Re:Can't you turn this off on Linux?

[demi]

I believe so, and on OpenBSD:

sysctl -w net.inet.tcp.rfc1323=0

And make the appropriate edit in /etc/sysctl.conf.

What about IBM's laptop anti theft stuff

[varmittang]

New IBM ThinkPad computers will now have support for Absolute's Computrace solutions embedded into the BIOS firmware starting with the new T-series. Absolute's Computrace technology powers Absolute's guaranteed PC theft recovery and secure asset tracking services. In the event a computer is stolen, Absolute guarantees the recovery of the computer, and can remotely delete sensitive data from the stolen computer when data privacy is a concern. If the computer is not recovered within 30-60 days, the customer may be eligible for a Recovery Guarantee payment of up to $1,000(1). Link: http://productsource.govtech.net/stories.php?story =528

Re:Sceptical

[jerdenn]

My thoughts exactly. If this becomes a common method for tracking machines, then it will be trivial to change the TCP implementation on open source operating systems to non-deterministically generate the TCP timestamp.

Doesn't work that way

[V.+Mole]

A) the MAC address is available only on the last segment. Or rather, it's at the ethernet (not IP) level, and it's used to direct packets along a particular segment. It changes all the time as a packet moves through the internet, or even disappears completely if you go through an ATM cloud or some such.
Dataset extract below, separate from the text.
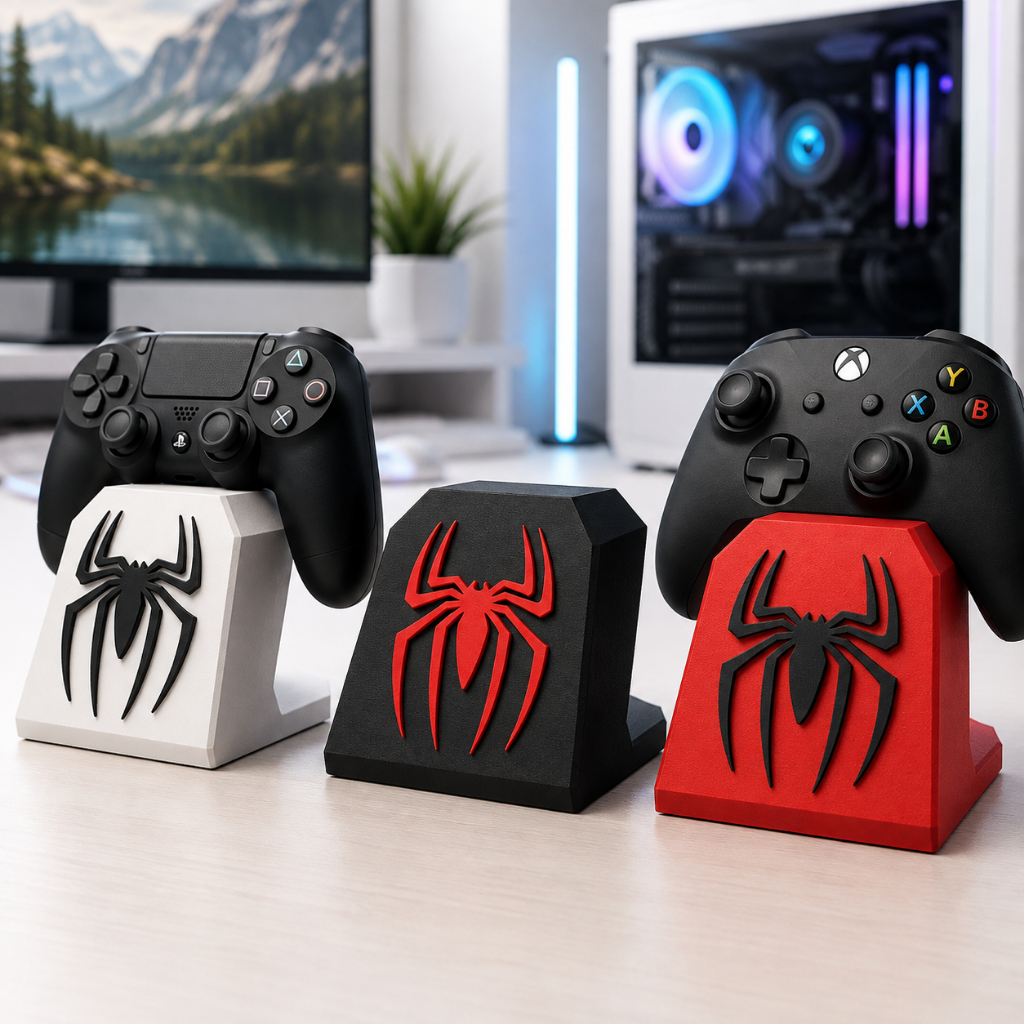 Suporte Gamer para Controle PS4 PS5 Xbox | Base de Mesa ou Parede | Impressão 3D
B) Most (or at least many) devices allow you to change the MAC address. There are good reasons for doing this.

Re:for windows user

[demi]

It doesn't help. They're not tracking time error or system time but clock skew. Essentially if clock is supposed to tick once every second, they're measuring the deviation of the clock from that ideal.

Re:Fingerprinting

[harrkev]

The application might be insightful, but to me it seems almost useless. From my reading of the article, it seems that they get ONE number -- a skew value. ONE NUMBER - that's it! This might be useful in proving that a particular machine is NOT the one that you are looking for, but it will likely suffer from a high false-positive rate.

Let me put it this way. It is like measuring just height. If you are looking for a suspect who is 6'2", you can rule out the people who are 5'6". But if you find somebody who is 6'2", this does not make them automatically the perpetrator.

You can combine this with other techniques (line nmap). But this would be like saying "the criminal has blond hair and blue eyes, and is 6'2". This would rule out 95% or more of the population, but the false positive rate would still be high.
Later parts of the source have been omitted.